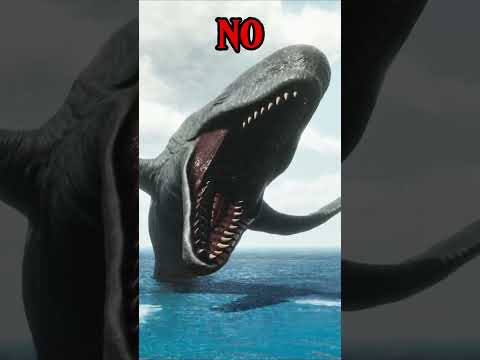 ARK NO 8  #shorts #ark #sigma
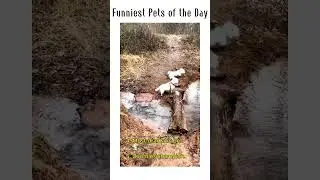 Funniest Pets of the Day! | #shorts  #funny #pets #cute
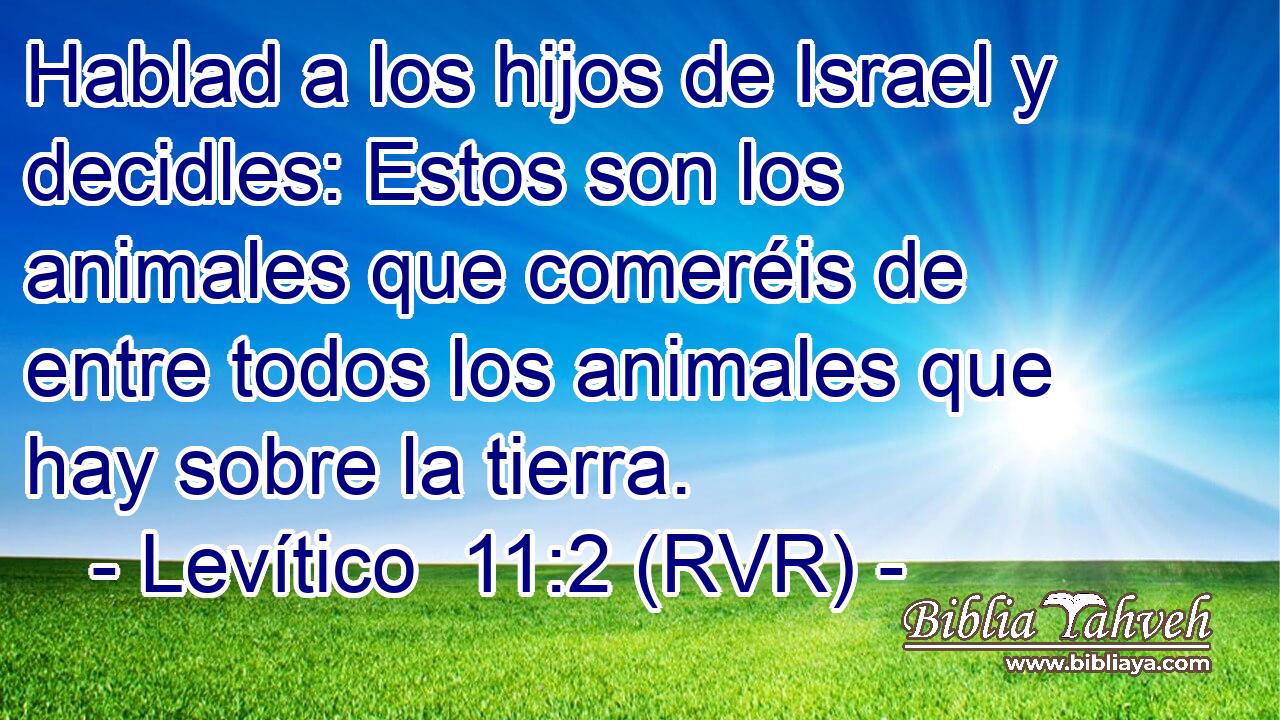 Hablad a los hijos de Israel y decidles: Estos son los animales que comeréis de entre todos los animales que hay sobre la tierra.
★ ★ ★
Problem requirements:
Write out the whole listing exactly, with no pictures.

Solution:
 ARK NO 8  #shorts #ark #sigma
 Funniest Pets of the Day! | #shorts  #funny #pets #cute
 Hablad a los hijos de Israel y decidles: Estos son los animales que comeréis de entre todos los animales que hay sobre la tierra.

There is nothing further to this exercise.